Roasted Black Radishes with Spiced Sautéed Greens
This Indian-inspired dish is superflavorful. Be sure your spices are fresh for the most intense flavor. If your spices have been sitting around for more than one year, get rid of them. I like to buy spices at the Soulard Spice Shop because you can get as small or as large of a quantity as you wish.
Serves | 4 to 6 |
- 1 lb black radishes, cubed
- 2 Tbsp olive or mustard oil*
- 6 cloves garlic, chopped
- ½ small white onion, chopped
- 2 Tbsp turmeric
- 1 tsp kosher or sea salt
- 1 Tbsp sunflower or olive oil
- 1 tsp mustard seeds
- 1 tsp turmeric
- 1 tsp ground coriander
- ½ tsp cayenne
- 1 tsp salt
- black radish tops, chopped
- 6 leaves kale or mustard greens, chopped
- 2 tsp lime juice
- plain yogurt, for garnish
| Preparation – Roasted Radishes | Preheat oven to 375°F. Toss all ingredients in a large bowl until radishes are well-coated. Place radish mixture on a large sheet of foil and close into a package. Place foil package on a cooking sheet and cook for 30 minutes, turning occasionally. Once radishes are soft, open the packet and return to the oven for another 10 minutes to caramelize.

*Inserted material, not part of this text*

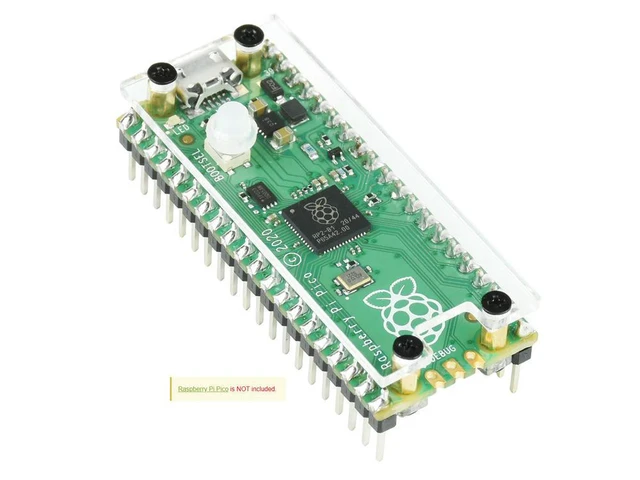 Alt view image 2 of 3 - Clear Acrylic Protection Case for Raspberry Pi Pico Raspberry-Pi-Pico-Case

| Preparation – Sautéed Greens | Add oil to a large pan or cast-iron skillet set over medium heat. Add all the spices and salt. Cook, constantly stirring, until mustard seeds begin to pop. Add all the greens and stir until wilted and nicely coated. Remove from heat and add the lime juice. Serve on top of roasted radishes. Garnish with yogurt.
* Mustard oil can be purchased at many international and Asian grocers. It has a spicy aroma and a nutty flavor that makes it great in salad dressings.
Note: Cooking the spices before you add the food is an old Indian cooking technique – it allows the spices to come to their full flavor potential. The spice mix in this recipe is a great base for many recipes. Add potatoes to the radishes in this recipe for a great side dish or breakfast item.